Так же, в молчании, поднимаюсь по лестнице, слушая скрип ступеней под своими ногами. В темном коридоре, ориентируясь по памяти, нахожу комнату. Делаю глубокий вдох и медленно, волнуясь, открываю дверь. Пройдя вперед, закрываю за собой. Раздеваюсь, бесшумно бросая вещи на пол. Ложусь под одеяло. Сворачиваюсь, прижимая колени к груди. Горькие слезы текут из глаз, заставляя подушку пропитываться влагой. Пытаюсь проглотить ком в горле, но кажется, что от этих никчемных усилий он только становится больше. Защита, которую я столько лет упорно строил между своим внутренним и внешним – реальным миром, дала трещину. От жгучего стыда горят щеки. Обнимаю себя за плечи, стараясь унять нервную дрожь.
– Спокойной ночи, Кай, – тихо произносит Аерин.
Его голос неожиданно успокаивает, позволяя расслабиться. Я закрываю глаза, ощущая прикосновение влажных ресниц к нижнему веку, и проваливаюсь в беспокойный сон.
Конец декабря
Остров занесло снегом. Теперь, чтобы пройти по нерасчищенным дорожкам, приходилось утопать по щиколотку в сугробах.
Я стою рядом с пабом отца Хеина. Плечо оттягивает чехол с гитарой. За прошедшее время Йенсу удалось создать мелодию и слова, которые полностью его устраивали.

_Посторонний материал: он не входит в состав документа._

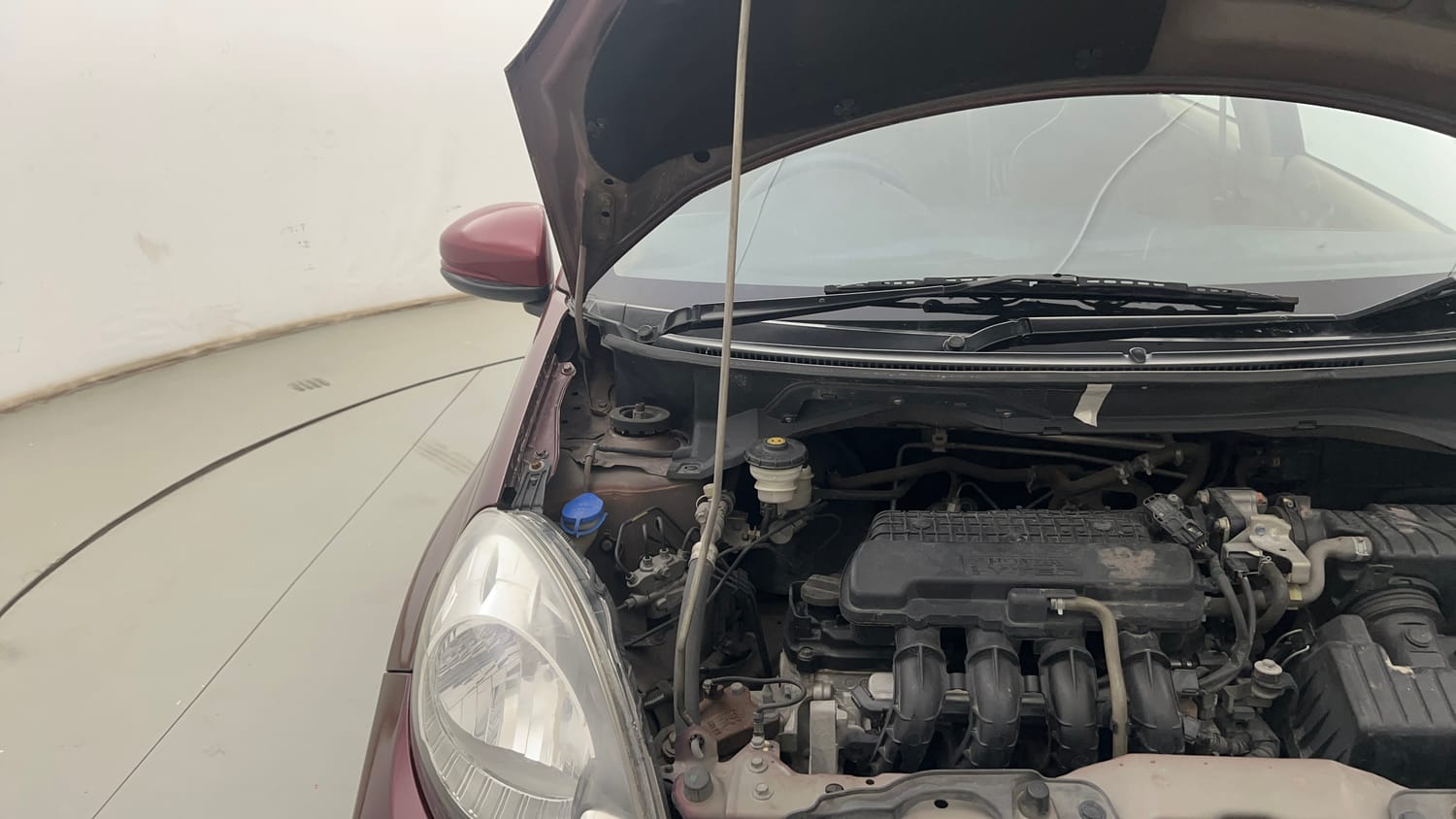Used 2017 Honda Amaze 1.2 S i-VTEC Petrol Manual engine ENGINE RIGHT SIDE HINGE & APRON VIEW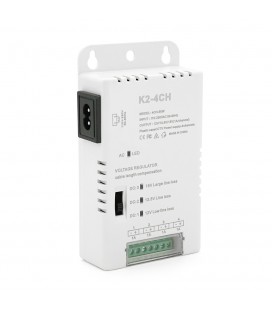 Импульсный блок питания с регулировкой напряжения 12/13,5/15V-4.2A/4CH по 1А, в пластиковом корпусе, 4-х канальный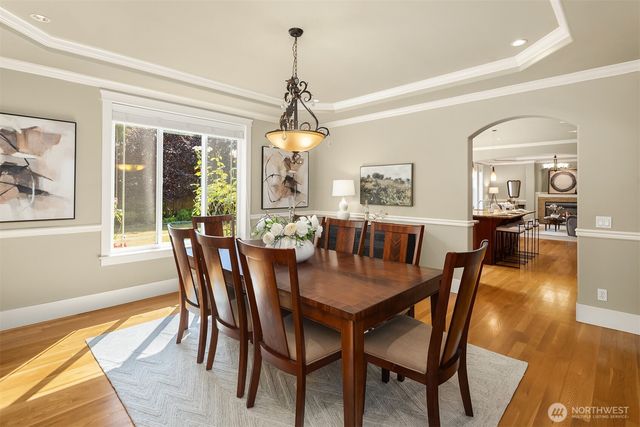 4520 89th Avenue SE, Mercer Island, WA 98040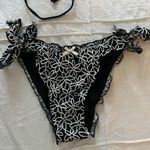 SheIn Black and White Flower Bikini Photo 2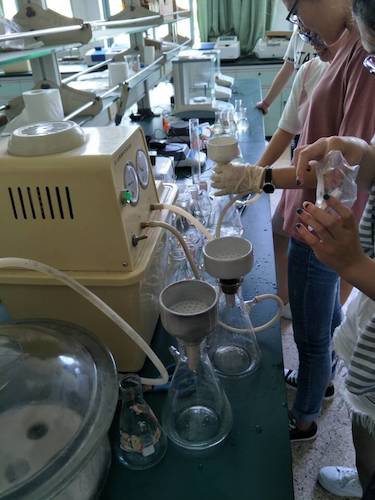 七月十三日 澳门银河
  澳门银河
赴杭州余杭区“五水共治”调查与研究分队社会实践小分队 叶绿素a的测量之抽滤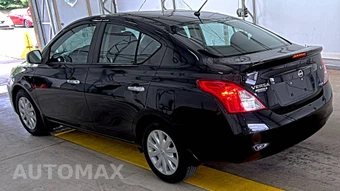 2013 Nissan Versa 1.6 SV – miniatura 6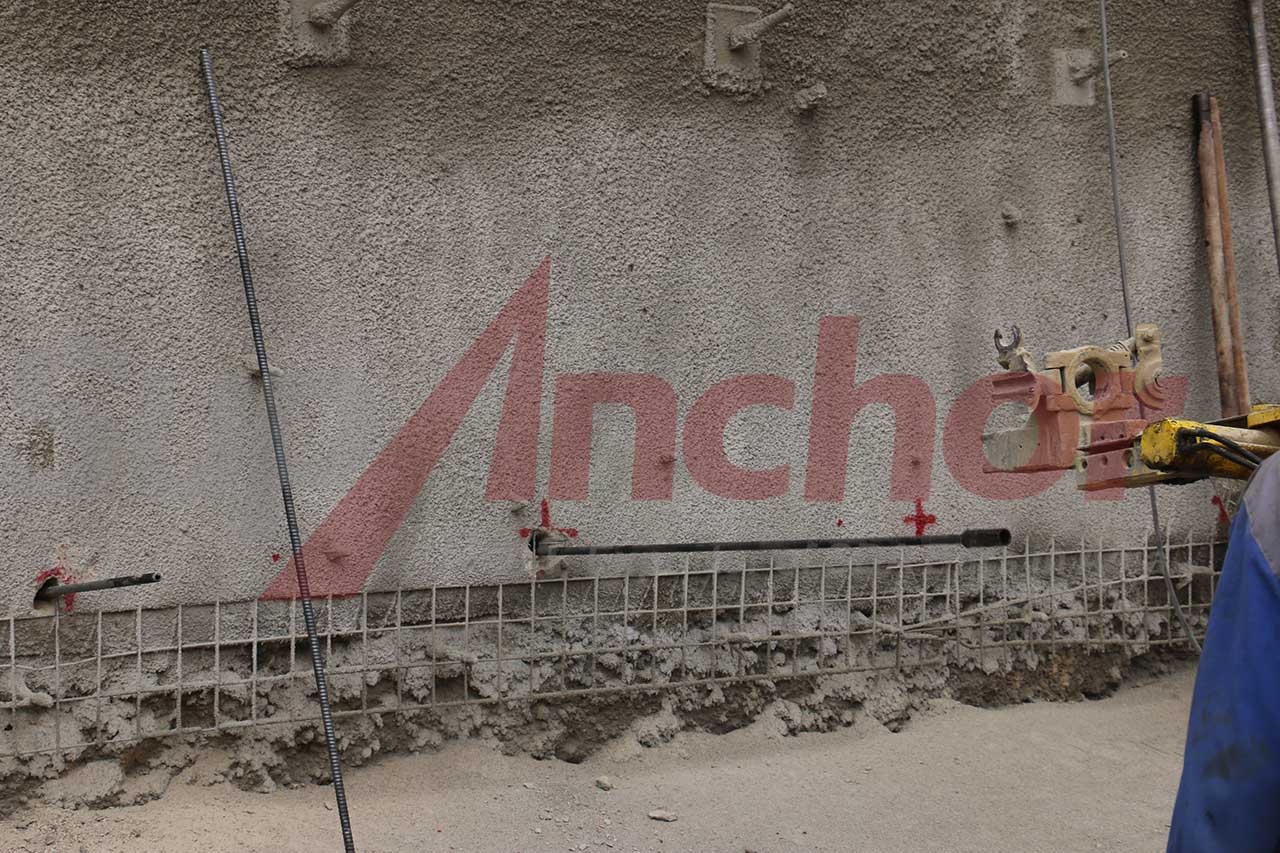 Construction site using SupAnchor self drilling anchor system
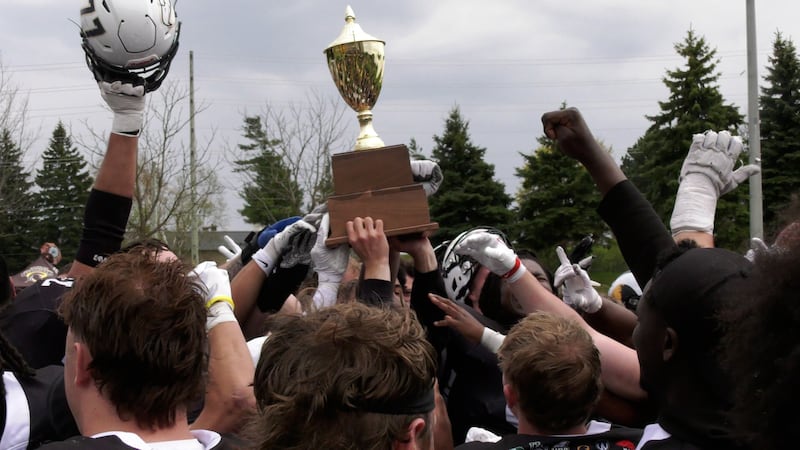 Top U SPORTS football prospects participate in East-West Bowl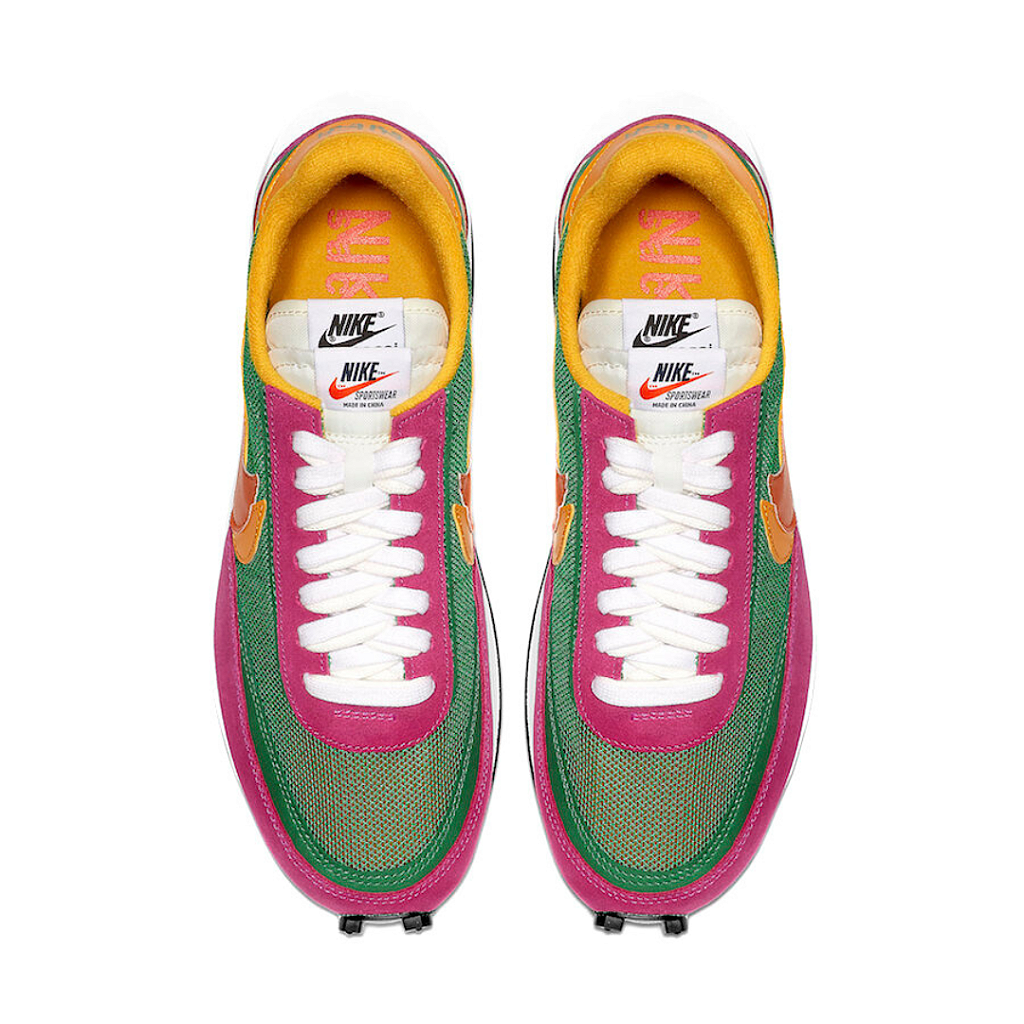 Nike hot sale sacai pink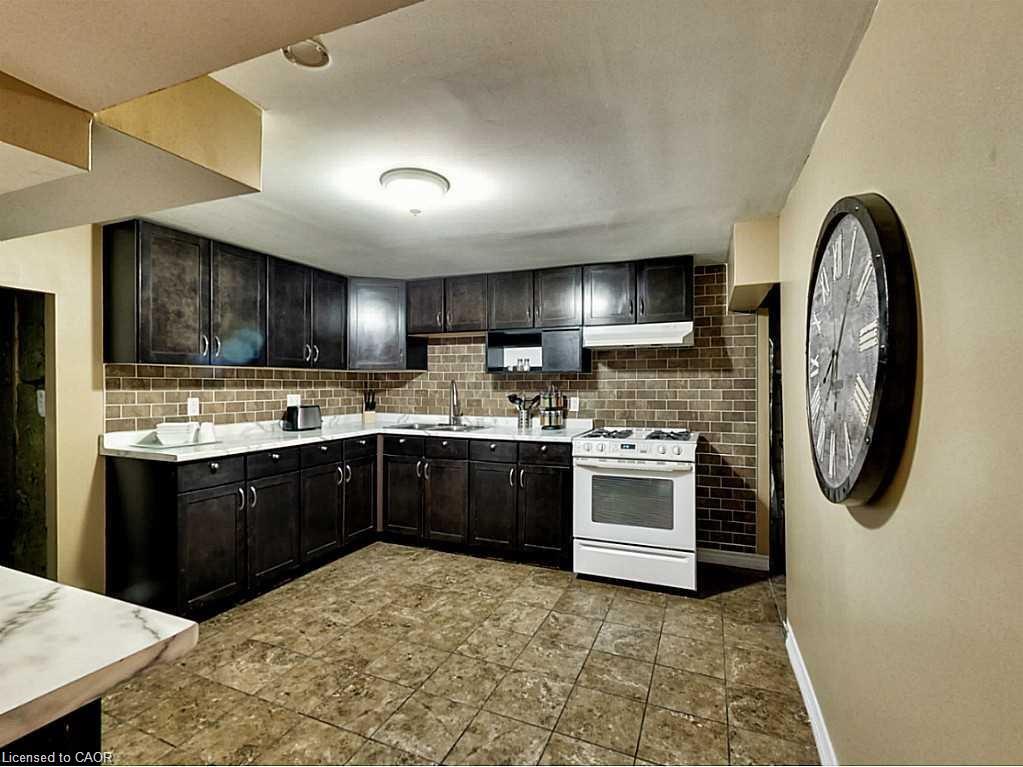 96 Manning Avenue Property Photo 17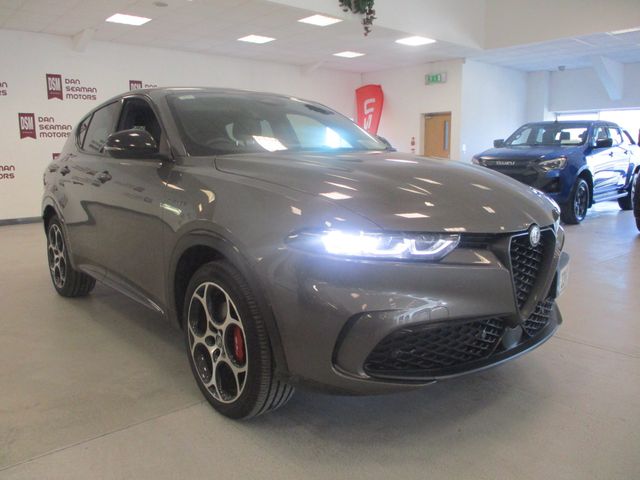Image for 2023 Alfa Romeo Tonale Veloce 1.3 280 Phev Q4 Eawd 5D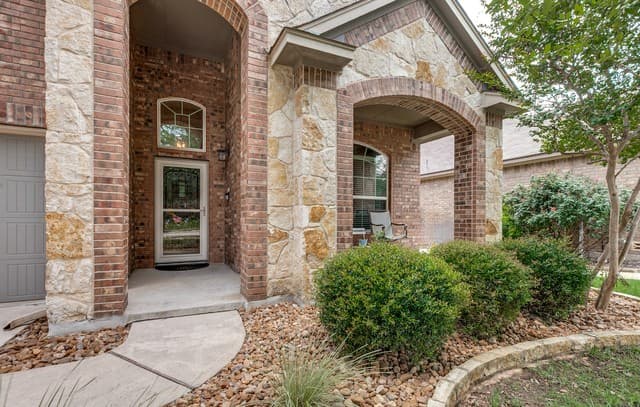 Home for sale at 416 Trotti Cv in Cibolo, TX — photo 3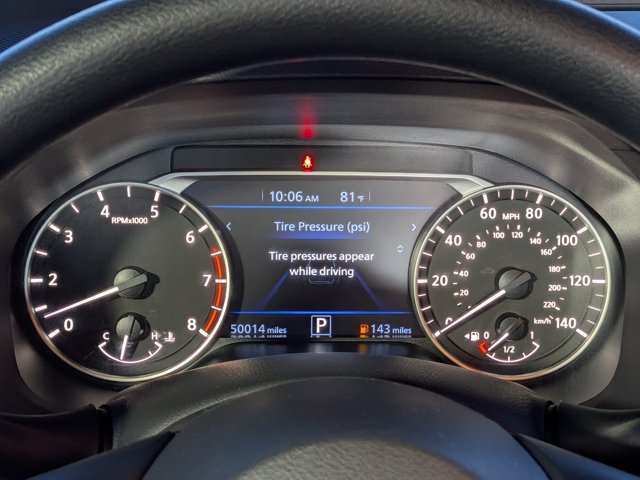Used 2024 Nissan Altima 2.5 SV FWD image 26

Нас же устраивало то, что вокалист перестал постоянно переписывать песню. До Нового года остаются считаные часы. Я дышу на свои заледеневшие пальцы, стараясь их согреть и унять внутреннее беспокойство. Сегодня у нового состава «Северный фьорд» первый концерт. Мы сильно нервничаем. Хотя и стараемся не показывать этого, напряженно смеясь последнюю неделю над совсем несмешными шутками.
К назначенному времени я пришел последним. Стою перед дверью, никак не могу совладать с собой, чтобы распахнуть ее и войти внутрь, впуская холодный воздух с улицы. Облизываю потрескавшиеся губы, дышу ртом. Наконец хватаюсь за ручку и, задержав дыхание, резко тяну на себя. Шум и тепло паба вырываются из помещения. Колокольчик, прикрепленный к двери, разливается мелодией, сообщая о новом посетителе. На меня никто не смотрит. Никто, кроме Аерина. Даже отсюда, с порога, я могу рассмотреть появляющуюся улыбку на его губах. Он вскакивает с небольшой импровизированной сцены в самом конце паба и машет мне.
Я так и не смог поблагодарить его семью за то, что приютили меня в ту ночь. Не смог произнести простые слова, за что до сих пор корю себя.
Торопливо двигаюсь к Аерину, глядя в его большие зеленые глаза. Они что-то вроде моего личного маяка в этом шумном прокуренном и жарком пабе. Не дают сорваться и выбежать обратно. Свен тихо разговаривает с Йенсом. Хеин сидит за барабанами. Он еще вчера их установил и теперь только ждет команды, чтобы начать концерт. Рядом со сценой небольшой стул. На нем деревянный ящик. Туда люди, которым понравится наше выступление, опустят деньги. Йенс говорит, что благодаря празднику посетители должны расщедриться, и поэтому, даже когда мы разделим полученную сумму, у каждого останется приличное количество денег. Я не знаю, что покупать на них, поэтому просто отложу. Аерин собирается часть суммы отдать бабушке, а часть копить.